Former Lake-Lehman running back Nick Eury looks for running room against Lakeland back in his high school days with Lake-Lehman. On Saturday night, he got his first chance to carry the ball for Penn State. STAFF PHOTO BY CHRISTOPHER DOLAN

One carry.

Four yards.

In the grand scheme of Penn State’s 56-0 thrashing of Georgia State in the nonconference finale, it’s a play and a handful of yards that might already be largely forgotten around Happy Valley. But for Nick Eury, they officially make him a Nittany Lion.

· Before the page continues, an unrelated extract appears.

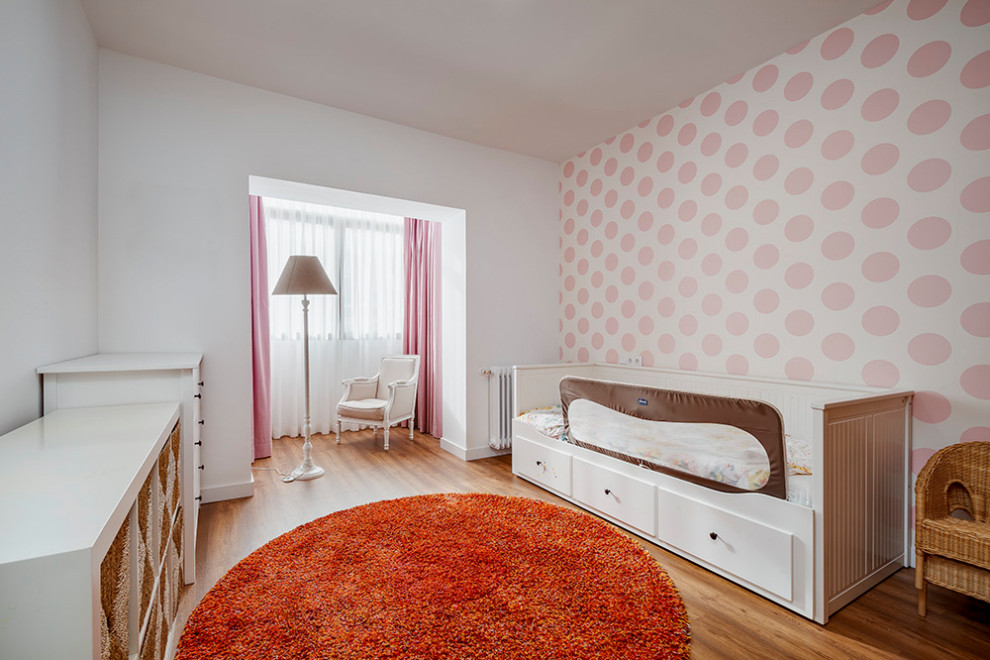Inspiration for a contemporary kids' playroom for kids 4-10 years old and girls in Madrid with pink walls, medium hardwood floors and brown floor.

The redshirt freshman from Lake-Lehman got his first career carry in the fourth quarter of the Lions’ victory, and he’ll certainly hope it won’t be the last chance he gets to help his team on the field. But there’s a pretty cool story behind his first carry.

Saquon Barkley, it appears, pretty much demanded it happen.

Head coach James Franklin confirmed that much during his postgame press conference, saying Barkley was instrumental in Eury getting on the field.

Barkley, who had a dominant first half, smiled broadly when asked about that one carry for four yards after the game.

“That was awesome, Nick Eury getting into that game, seeing all those young guys get into the game,” Barkley said. “I know I’m not just speaking for myself here, but everybody on the team, every starter, you guys don’t know what those guys do for us during the week.

“On the scout team, they give us the looks that enable us to go out there and do what we’re doing. They might not be starting, but they’ve been with us since the offseason, winter workouts, spring ball. All the hard work we put in, they put in. You see them get in the game, it’s an exciting feeling.”

Penn State emptied its bench in the fourth quarter, giving more than a handful of young scholarship players and walk-ons like Eury the chance to see their first action.

Franklin said that’s something that not only helps the players, but improves the chemistry in the locker room.

“I talk about it not just from a player development perspective, but having a healthy locker room,” he said. “I preach it all the time, the importance of every single person in our program. It doesn’t matter what their role is; their role is critical to our success.